Depuis une boîte externe, envoyer un message à [email protected] : l’expéditeur doit recevoir un NDR généré par son serveur (FortiMail a refusé au RCPT), et Monitor > Log > History doit montrer le rejet 550.

MO-08 — Créer le profil AntiSpam durci AS_ENTRANT_DURCI (75 min)

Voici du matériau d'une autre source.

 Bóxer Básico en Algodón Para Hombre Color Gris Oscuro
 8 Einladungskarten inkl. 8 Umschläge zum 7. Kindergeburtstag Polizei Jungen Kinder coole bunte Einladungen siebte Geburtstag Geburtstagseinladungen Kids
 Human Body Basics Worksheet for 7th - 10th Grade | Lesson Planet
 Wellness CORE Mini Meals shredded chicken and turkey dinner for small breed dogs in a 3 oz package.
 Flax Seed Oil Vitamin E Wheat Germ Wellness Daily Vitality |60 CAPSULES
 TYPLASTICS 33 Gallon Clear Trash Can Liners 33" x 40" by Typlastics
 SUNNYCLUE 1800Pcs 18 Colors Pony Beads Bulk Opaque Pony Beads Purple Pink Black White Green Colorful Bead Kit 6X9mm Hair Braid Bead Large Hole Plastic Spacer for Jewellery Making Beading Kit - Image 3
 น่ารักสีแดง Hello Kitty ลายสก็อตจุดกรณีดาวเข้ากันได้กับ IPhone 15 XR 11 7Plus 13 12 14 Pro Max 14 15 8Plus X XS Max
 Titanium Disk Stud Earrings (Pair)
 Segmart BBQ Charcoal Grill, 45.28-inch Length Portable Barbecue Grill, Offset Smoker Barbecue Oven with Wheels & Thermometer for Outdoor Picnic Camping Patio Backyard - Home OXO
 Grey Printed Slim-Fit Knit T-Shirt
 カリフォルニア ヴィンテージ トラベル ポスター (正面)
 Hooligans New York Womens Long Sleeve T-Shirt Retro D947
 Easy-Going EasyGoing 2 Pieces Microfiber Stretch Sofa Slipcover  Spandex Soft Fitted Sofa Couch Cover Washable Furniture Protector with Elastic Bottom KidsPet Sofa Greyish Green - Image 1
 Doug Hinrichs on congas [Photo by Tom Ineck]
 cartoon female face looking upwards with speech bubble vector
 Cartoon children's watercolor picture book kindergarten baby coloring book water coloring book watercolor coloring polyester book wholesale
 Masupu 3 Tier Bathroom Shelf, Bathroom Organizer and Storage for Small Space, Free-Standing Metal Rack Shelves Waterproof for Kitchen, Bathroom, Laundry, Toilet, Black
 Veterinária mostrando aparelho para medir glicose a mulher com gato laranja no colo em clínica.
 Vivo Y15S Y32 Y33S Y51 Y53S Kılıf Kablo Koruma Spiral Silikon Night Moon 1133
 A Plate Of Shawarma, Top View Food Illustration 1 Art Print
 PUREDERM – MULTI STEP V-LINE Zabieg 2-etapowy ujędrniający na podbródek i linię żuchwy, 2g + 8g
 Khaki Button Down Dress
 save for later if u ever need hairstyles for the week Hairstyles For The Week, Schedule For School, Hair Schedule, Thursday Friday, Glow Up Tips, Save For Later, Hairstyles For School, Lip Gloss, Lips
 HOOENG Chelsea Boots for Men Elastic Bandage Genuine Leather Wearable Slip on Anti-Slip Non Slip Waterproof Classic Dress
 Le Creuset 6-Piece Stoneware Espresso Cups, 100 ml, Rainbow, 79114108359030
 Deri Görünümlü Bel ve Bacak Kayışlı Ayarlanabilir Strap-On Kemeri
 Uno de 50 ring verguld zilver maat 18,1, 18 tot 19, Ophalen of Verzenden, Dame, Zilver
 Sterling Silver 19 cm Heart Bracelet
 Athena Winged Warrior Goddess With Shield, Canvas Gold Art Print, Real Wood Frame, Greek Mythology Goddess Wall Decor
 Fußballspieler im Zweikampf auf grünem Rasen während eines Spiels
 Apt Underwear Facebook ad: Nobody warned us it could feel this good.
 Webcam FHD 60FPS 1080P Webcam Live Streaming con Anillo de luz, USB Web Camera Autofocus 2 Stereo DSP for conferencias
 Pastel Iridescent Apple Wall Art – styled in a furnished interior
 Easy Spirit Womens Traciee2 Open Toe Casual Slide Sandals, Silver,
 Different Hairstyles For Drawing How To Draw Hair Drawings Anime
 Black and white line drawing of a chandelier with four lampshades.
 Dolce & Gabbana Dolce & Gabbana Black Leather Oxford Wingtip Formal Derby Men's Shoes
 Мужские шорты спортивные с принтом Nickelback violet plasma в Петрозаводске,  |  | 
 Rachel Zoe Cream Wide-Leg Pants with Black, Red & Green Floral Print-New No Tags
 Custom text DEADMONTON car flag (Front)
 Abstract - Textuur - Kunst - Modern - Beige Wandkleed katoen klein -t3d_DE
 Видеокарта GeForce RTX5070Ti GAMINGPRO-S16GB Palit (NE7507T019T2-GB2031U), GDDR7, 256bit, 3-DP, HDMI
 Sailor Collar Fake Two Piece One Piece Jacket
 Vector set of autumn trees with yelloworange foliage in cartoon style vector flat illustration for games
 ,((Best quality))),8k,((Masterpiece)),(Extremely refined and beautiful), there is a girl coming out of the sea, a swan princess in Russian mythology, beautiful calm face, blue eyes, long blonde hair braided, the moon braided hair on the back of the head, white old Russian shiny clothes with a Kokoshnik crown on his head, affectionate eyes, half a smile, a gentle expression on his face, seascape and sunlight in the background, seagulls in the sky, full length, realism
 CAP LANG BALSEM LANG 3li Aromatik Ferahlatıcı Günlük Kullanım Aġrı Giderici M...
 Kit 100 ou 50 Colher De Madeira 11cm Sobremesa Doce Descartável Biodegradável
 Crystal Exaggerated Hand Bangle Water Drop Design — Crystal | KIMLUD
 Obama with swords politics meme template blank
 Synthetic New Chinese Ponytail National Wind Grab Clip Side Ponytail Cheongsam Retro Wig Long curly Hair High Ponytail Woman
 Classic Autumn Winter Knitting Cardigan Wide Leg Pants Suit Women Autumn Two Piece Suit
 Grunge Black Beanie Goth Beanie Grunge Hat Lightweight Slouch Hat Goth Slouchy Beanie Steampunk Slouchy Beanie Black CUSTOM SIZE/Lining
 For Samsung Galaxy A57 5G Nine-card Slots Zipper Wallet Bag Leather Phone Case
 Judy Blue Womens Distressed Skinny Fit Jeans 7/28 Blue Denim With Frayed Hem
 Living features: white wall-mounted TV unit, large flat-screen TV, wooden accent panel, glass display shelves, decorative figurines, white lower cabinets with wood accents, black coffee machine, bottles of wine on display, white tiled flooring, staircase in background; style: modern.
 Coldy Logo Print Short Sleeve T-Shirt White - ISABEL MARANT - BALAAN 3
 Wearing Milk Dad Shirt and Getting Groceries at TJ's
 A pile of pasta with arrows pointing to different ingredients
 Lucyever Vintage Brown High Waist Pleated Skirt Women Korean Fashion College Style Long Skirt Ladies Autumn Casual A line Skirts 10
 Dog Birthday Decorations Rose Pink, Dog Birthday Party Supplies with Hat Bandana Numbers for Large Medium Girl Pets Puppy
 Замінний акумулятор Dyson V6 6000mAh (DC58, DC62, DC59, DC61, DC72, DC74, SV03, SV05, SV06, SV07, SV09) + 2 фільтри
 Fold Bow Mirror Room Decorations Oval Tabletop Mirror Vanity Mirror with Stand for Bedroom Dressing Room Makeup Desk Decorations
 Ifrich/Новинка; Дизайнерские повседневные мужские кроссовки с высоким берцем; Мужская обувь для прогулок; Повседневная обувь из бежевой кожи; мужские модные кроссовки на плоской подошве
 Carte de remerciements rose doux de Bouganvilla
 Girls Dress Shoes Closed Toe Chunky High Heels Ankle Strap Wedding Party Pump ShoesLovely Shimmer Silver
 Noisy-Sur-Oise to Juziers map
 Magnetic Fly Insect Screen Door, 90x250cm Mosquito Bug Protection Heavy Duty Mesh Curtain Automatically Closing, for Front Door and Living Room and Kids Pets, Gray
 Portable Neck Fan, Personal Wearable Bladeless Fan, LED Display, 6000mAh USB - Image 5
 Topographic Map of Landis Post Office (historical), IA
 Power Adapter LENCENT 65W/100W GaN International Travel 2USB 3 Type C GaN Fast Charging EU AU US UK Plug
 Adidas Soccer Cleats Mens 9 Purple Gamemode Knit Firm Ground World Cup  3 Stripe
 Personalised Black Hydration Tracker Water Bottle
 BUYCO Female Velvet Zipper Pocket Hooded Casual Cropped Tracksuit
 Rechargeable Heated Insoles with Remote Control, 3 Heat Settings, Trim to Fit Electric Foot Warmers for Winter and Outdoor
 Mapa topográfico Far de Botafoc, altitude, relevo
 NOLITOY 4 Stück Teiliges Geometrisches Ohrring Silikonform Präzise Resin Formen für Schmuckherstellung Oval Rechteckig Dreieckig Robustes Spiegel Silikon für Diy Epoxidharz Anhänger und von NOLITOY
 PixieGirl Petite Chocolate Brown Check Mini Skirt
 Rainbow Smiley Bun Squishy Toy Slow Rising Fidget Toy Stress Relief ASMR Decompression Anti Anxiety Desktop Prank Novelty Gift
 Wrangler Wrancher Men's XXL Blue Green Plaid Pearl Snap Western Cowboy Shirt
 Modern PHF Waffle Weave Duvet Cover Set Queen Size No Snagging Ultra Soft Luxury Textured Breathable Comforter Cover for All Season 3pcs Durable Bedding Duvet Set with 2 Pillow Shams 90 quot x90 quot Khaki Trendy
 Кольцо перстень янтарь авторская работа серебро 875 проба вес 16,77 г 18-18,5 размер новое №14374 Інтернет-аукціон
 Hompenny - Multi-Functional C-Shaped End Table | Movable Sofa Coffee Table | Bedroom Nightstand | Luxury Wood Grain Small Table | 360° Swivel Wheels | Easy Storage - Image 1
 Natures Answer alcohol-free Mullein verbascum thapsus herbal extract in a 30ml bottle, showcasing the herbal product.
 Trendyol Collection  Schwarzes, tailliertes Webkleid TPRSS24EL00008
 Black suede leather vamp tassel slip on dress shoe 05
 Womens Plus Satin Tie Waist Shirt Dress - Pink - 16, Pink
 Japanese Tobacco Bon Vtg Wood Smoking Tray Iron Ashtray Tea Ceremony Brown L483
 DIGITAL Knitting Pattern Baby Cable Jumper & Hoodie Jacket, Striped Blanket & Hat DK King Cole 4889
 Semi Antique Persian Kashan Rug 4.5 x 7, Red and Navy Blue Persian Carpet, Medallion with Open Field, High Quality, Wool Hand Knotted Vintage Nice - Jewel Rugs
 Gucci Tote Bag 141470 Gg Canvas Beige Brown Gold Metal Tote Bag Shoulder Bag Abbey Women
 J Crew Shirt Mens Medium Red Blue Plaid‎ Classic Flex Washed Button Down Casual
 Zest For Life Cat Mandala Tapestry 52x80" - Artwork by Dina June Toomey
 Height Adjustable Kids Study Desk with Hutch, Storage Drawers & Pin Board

  • Profile > AntiSpam > AntiSpam → sélectionner le profil actuellement utilisé → [Clone] → nom : AS_ENTRANT_DURCI → éditer le clone. On ne casse pas l’existant ; la bascule se fait au MO-10.

En 8.0, si vous avez plusieurs profils à durcir de la même façon, la fonction d’édition par lot (batch editing) applique les mêmes réglages à plusieurs profils en une opération.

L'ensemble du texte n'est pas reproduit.